Ce que je peux vous dire, c’est que j’ai passé plus d’une heure mercredi avec M. Gilbert Choy, directeur de la fondation Sunwah et directeur de l’école 3E (Explore, Express, Experiment), créée en 2005 à Pékin par la volonté du président hongkongais de cette fondation, M. Jonathan Choi. Je suis d’ailleurs convié à visiter cette école jeudi prochain [le 15 septembre, NDLR] avec un représentant de l’ambassade. Nous pouvons accueillir davantage d’élèves, la capacité du lycée livré étant de 1 500 élèves. M. Choy est très ouvert à un partenariat : nous allons l’accueillir dans nos locaux, nous allons travailler entre équipes pédagogiques. Il a la volonté que nous menions un ou deux projets en mettant ensemble nos élèves. Et j’ai annoncé à la prérentrée à nos personnels que dorénavant il y aurait en fin d’année scolaire une grande fête du lycée français de Pékin et M. Choy est partant pour s’intégrer à ces festivités.

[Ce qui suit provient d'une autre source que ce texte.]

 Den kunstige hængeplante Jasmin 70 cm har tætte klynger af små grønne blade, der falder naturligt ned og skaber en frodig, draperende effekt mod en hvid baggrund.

Vous prenez les clés d’un établissement de prestige, mais affecté par la crise de juin dernier, qu’est-ce qui vous a conduit a accepter cette mission ? Plus personnellement, quels sont vos liens avec le monde chinois et pourquoi Pékin ?
Pékin faisait partie de mes vœux et je suis très heureux d’être ici. Je découvre une culture, un pays et même un continent. Je suis un ancien sportif, un ancien professeur de tennis. J’ai fait beaucoup de compétition et j’aime relever les défis. On a un magnifique établissement et on a maintenant à redynamiser tout un projet collectif avec les très belles compétences dont on dispose dans la maison. Nous avons, j’en suis persuadé, les moyens de faire grandir l’établissement en augmentant les effectifs et en montrant ce que nous sommes capables de faire.
Quels sont les atouts du lycée français de Pékin ? Sommes-nous capables de rivaliser avec les écoles anglo-saxonnes ?
Notre langue et notre culture peuvent attirer, je crois, de nombreux élèves et notamment dans certaines familles anglo-saxonnes ou chinoises. Outre le chinois et l’anglais, l’idée d’avoir une troisième langue et une troisième culture est intéressante pour ces familles et nous allons essayer de progresser sur l’enseignement des langues justement. Et puis nous avons aussi à proposer toutes les valeurs de la République. En dehors des compétences que l’on acquiert à l’école, nos élèves sont là aussi pour devenir des citoyens éclairés, responsables et épanouis et capables plus tard de trouver toute leur place dans une société mondialisée.